I was working late on a Thursday when I saw something unusually gangster. Two carloads of Palestinians were careening down the highway that runs alongside the tiyeled at over 70 mph. They were each waving four huge red flags with the crescent of Islam upon them. Thirty Israeli police cars were pursuing them with sirens wailing. It was a high-speed chase over what might have just been a first amendment question at a high speed but was getting blown up into something more significant. It was indeed quite gangster so see these Arab bandits tearing down the highway repping their colors. They’d be very lucky if the Israelis didn’t open fire on them. I hoped to not see the end of it. It was brave, noble, more of a statement than exploding yourself in a club full of uninvolved high school kids. But that was naïve. Everyone was involved.
One of the Israeli squad cars pulled off a pit maneuver on the rear vehicle and it spun out of control into a concrete barrier and flipped. The lead car took off out of site heading south toward the Dan Hotel and District Yaffo. A crowd gathered around the vehicle and the police took positions with their pistols drawn. Some fat American tourists with handheld video cameras turned their attention from the three-card Monte stands to ‘the terrorists.’ A group of Russian youth swarmed the site, but not too close in case the people in the overturned car ‘exploded’ themselves.

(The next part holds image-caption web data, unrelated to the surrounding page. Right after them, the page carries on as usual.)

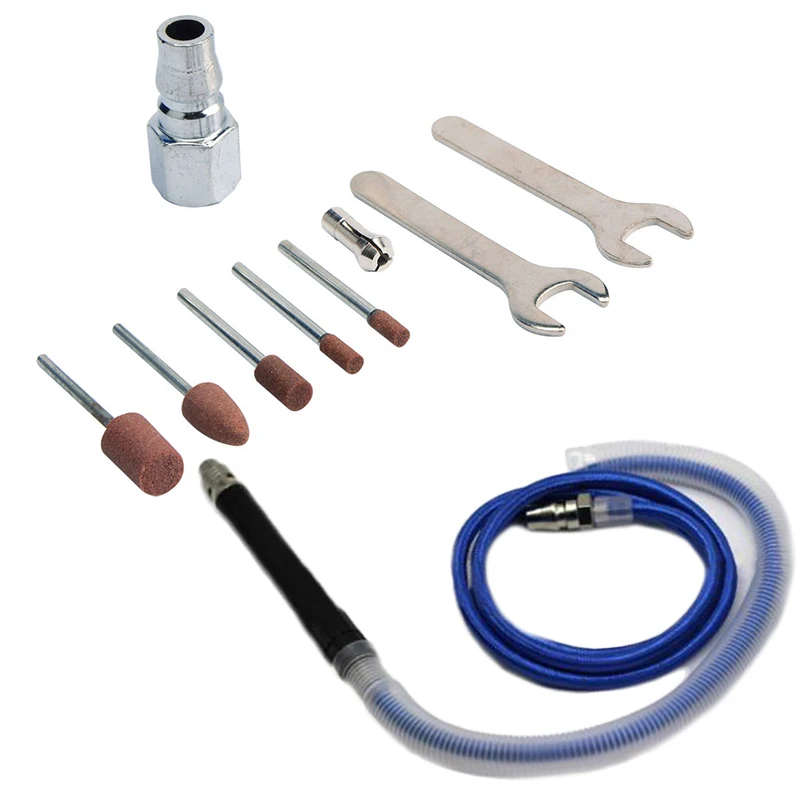 

1X Grinder+5X Grinding Head+2X Wrench+1X Connector 70000rpm Pencil Type Engraving Machine Air Micro Mold Grinding Machine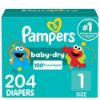 Picture of Pampers Diapers - Baby Dry - Size 1, 204 Count, Absorbent Disposable Infant Diaper (Packaging May Vary)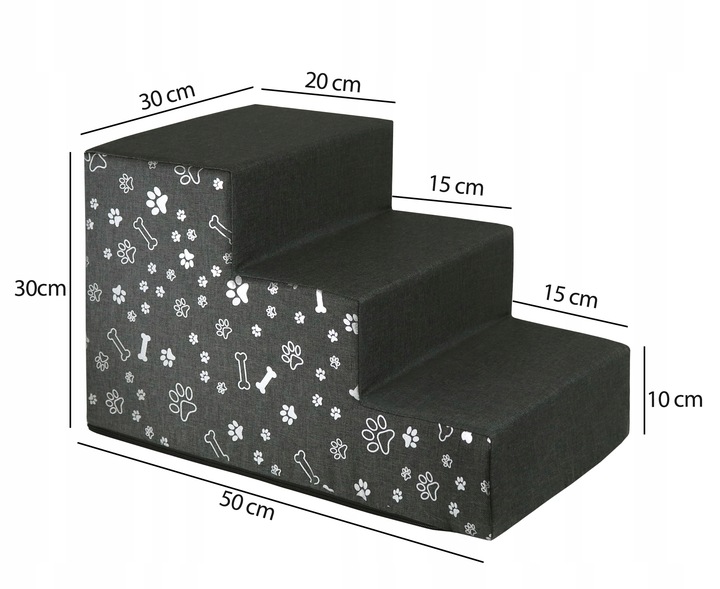 SCHODKI SCHODY DLA PSA RAMPA PODEST STABILNE 3 STOPNIE 30 cm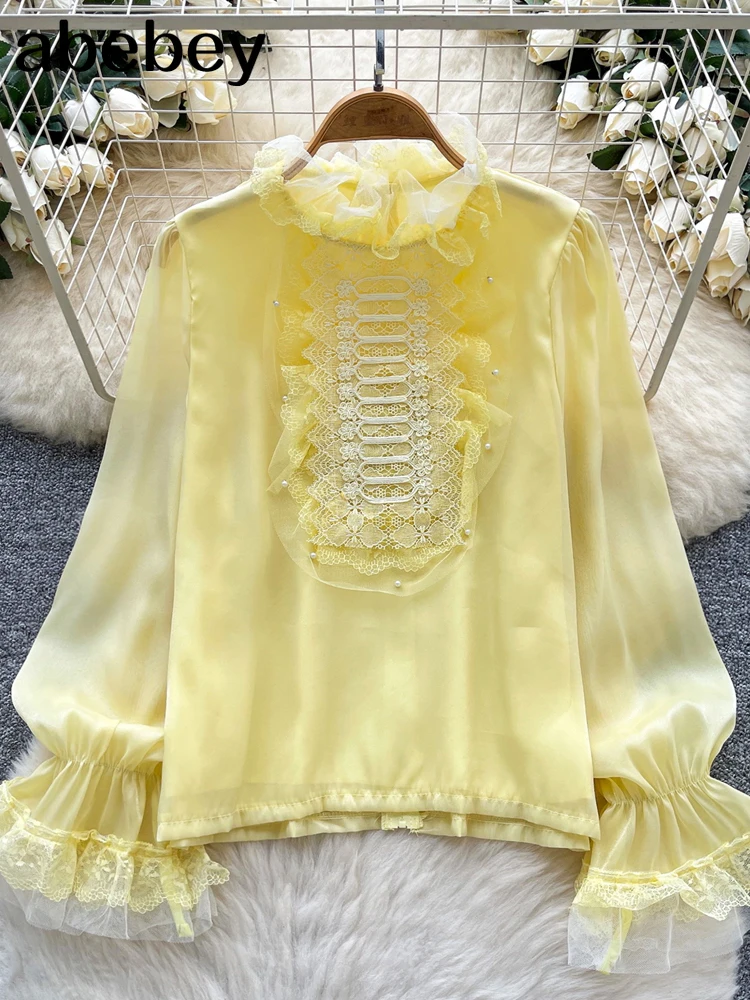 

2026 Loose Beading Stand Collar Ruffles Blouses Chiffon Fresh Blusa New French Style Court Elegant Shirt Fungus All-match Top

A young Arab man crawled out one of the broken windows. He dragged his buddy with him. The police started screaming in Hebrew for him to put his arms in the air. A policeman fired in the air. I think you only fire in the air in third world countries. The young Arab rebel’s hands and shirt were all bloodied up. He hadn’t let go of that flag.
There were two more guys in the back who were pretty fucked up because they hadn’t been wearing seat belts. The paramedics arrived on the scene as well as a few more cop cars. A loudspeaker was telling everyone in Hebrew and English to get back in case the car was booby-trapped. Maybe it was because the fat Americans were filming. Maybe it was because he hated the sound of Hebrew. Maybe it was because English is the Modern Greek, the bloodied Arab rebel bellows:
“Khaybar, Khaybar, ya yahud! Jaish Mohammed soufa ya-oud!!”
He did not bellow it exceedingly long. Some of the gawking Russian kids overran the security cordon and started kicking his face in. They tore him and his friend in the front seat apart.
The police beat the Russians back with riot sticks and pepper spray. Peace was eventually restored. Four young Arabs were in cuffs. Only one of them was conscious. The police called some ambulances for the four kids who could not really have been said to have been doing much more than speeding with the pride of the nation.